Les manifestations du «Hirak» du Rif se poursuivent dans un climat de vive tension sociale. Lundi et mardi, jours les plus violents depuis le début des protestations dans le nord, les forces de l’ordre ont à nouveau dispersé des manifestations à Al Hoceima et à Imzouren. Des jeunes encagoulés ont procédé à des jets de pierres contre les forces de l’ordre. Les événements de ces derniers jours ont fait plusieurs blessés parmi les manifestants et les forces de l’ordre. Alors que, ce mercredi, aucun bilan n’était encore disponible du côté des protestataires, un responsable de la ville d’Al Hoceima a déclaré que près d’une centaine de policiers ont été blessés dans des affrontements avec de jeunes manifestants encagoulés. 29 autres policiers ont été blessés dans des heurts à Imzouren et ont été transférés à l’hôpital pour y recevoir les soins nécessaires, apprend-on des autorités locales. Selon nos sources sur place, les manifestants tentaient, lundi (jour de la fête), de rejoindre un rassemblement à Al Hoceima, mais les éléments des forces de l’ordre ont fermé les accès à cette ville et dispersé les protestataires. Dans ce climat tendu, qui inquiète les ONG locales et nationales, les manifestants continuent de réclamer, sans relâche, la libération des prisonniers du «Hirak». Ces derniers sont accusés d’avoir commis «des actes contraires à la loi et punis par le Code pénal». Ainsi, les violents événements de la fête de Aid Al Fitr interviennent à un moment où la colère dans la région d’Al Hoceima a atteint son paroxysme et où les contestations prennent toujours une tournure plus sociale et politique dans cette région. Des observateurs approchés par Le Reporter redoutent que, sans un dialogue direct avec les jeunes du «Hirak», il ne soit pas possible d’instaurer le calme et la paix indispensables à l’aboutissement des projets prévus pour la région». Comme l’a, d’ailleurs, exprimé le Chef de gouvernement, ce mercredi 28 juin, dans une déclaration à la presse. «Nous devons mutualiser nos efforts pour asseoir un climat positif à Al Hoceima», a jugé Saad Eddine El Othmani. Celui-ci, jusqu’à ce mercredi soir, n’avait fait aucune sortie médiatique pour calmer les esprits dans la ville d’Al Hoceima, laquelle était en ébullition depuis la mort du poissonnier Mohcine Fikri, broyé accidentellement par un camion-benne.

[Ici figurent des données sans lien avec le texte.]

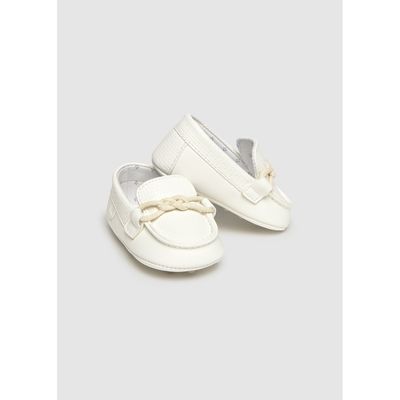 WHITE MOCCCASIN SHOE BRAIDED TRIM / 9083-091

Huit mois après cette tragédie, la majorité gouvernementale, après avoir été rappelée à l’ordre, dimanche dernier, par le Souverain pour la «non-exécution» dans les délais des projets prévus pour la région d’Al Hoceima, enchaine les réunions pour mettre fin à la crise dans le Rif. Le Chef de gouvernement, Saad Eddine El Othmani a, d’abord, assuré que la loi sera respectée dans le traitement des protestations, à Al Hoceima, ajoutant qu’une enquête sera lancée pour tout abus ou torture présumée à l’encontre des détenus du «Hirak».

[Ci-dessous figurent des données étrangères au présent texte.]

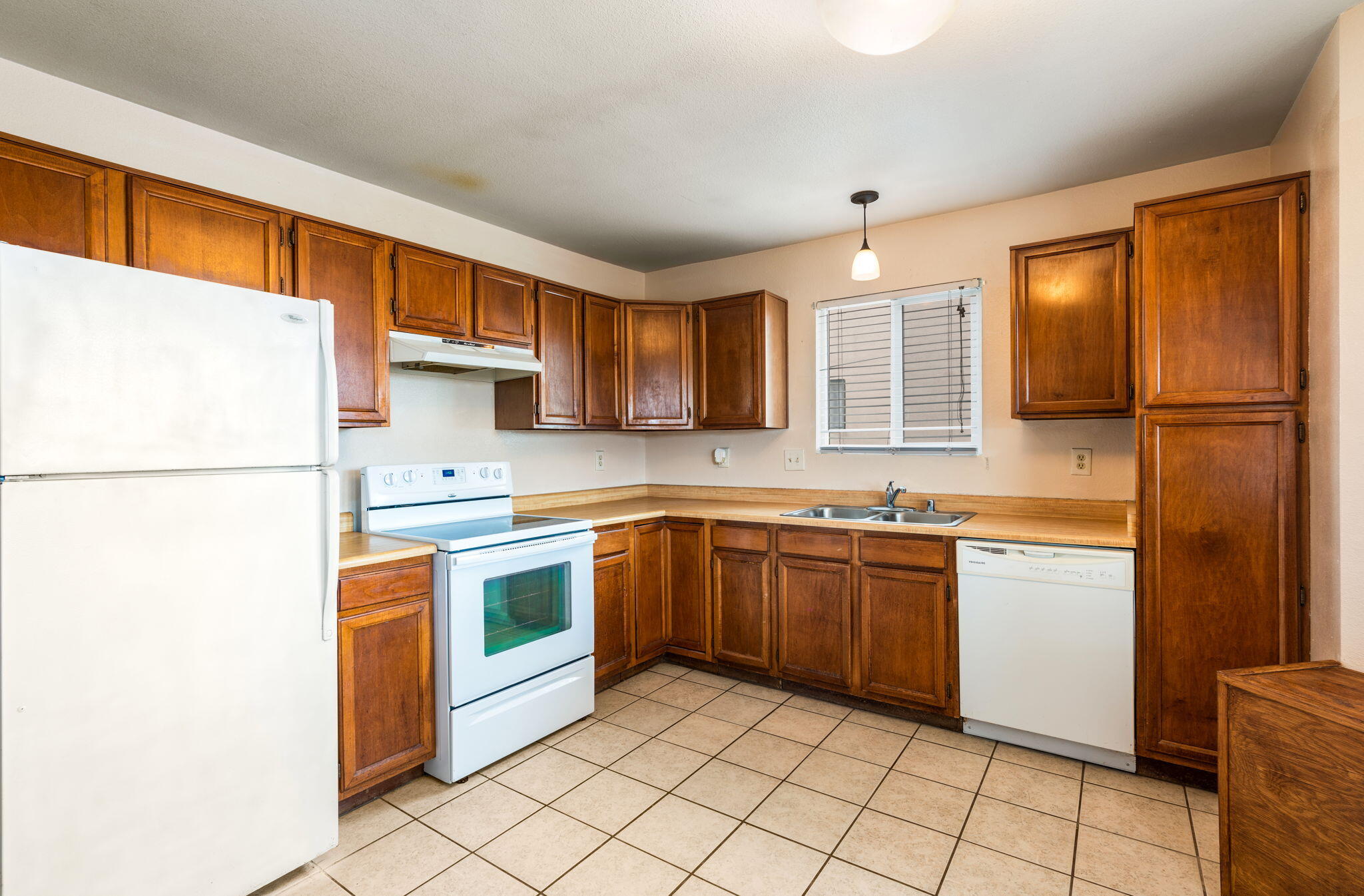 Photo 14 — 148 Pearl Drive NE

«Concernant les décisions que SM le Roi a prises, lors du dernier conseil de ministres, au sujet des projets prévus dans la province d’Al Hoceima, le gouvernement est mobilisé pour concrétiser les décisions royales et mener à bien le suivi de leur exécution», a assuré le chef de l’exécutif. Pour cela, précise-t-il, une batterie de mesures d’urgence sont prises, dont la convocation des partis de la majorité, pour examiner les doléances – qui restent légitimes- exprimées par les populations rifaines. Chacun des départements concernés devra élaborer un rapport détaillé sur l’état d’avancement de ces projets et sur les difficultés rencontrées. «Le gouvernement fera tout le nécessaire pour régler les problématiques liées au financement, à l’assiette foncière, à la coordination entre le département et au suivi», a précisé Saad Eddine El Othmani.
L’Exécutif –resté muet pendant près de huit mois- réussira-t-il à rétablir la confiance avec les populations rifaines en colère? Le Chef de gouvernement se veut en tout cas rassurant. Dans sa déclaration à la presse, ce mercredi, il a appelé les membres de l’Exécutif à «asseoir une communication active et de proximité avec l’ensemble des acteurs concernés par ces projets, au niveau local et régional, en impliquant les instances élues et la société civile dans le suivi et l’évaluation des projets en question». Des propos qui ne satisferont guère certains observateurs de la chose publique. «Les expériences avec les gouvernements précédents ont montré un fossé entre les paroles et la réalité sur le terrain», a-t-on commenté.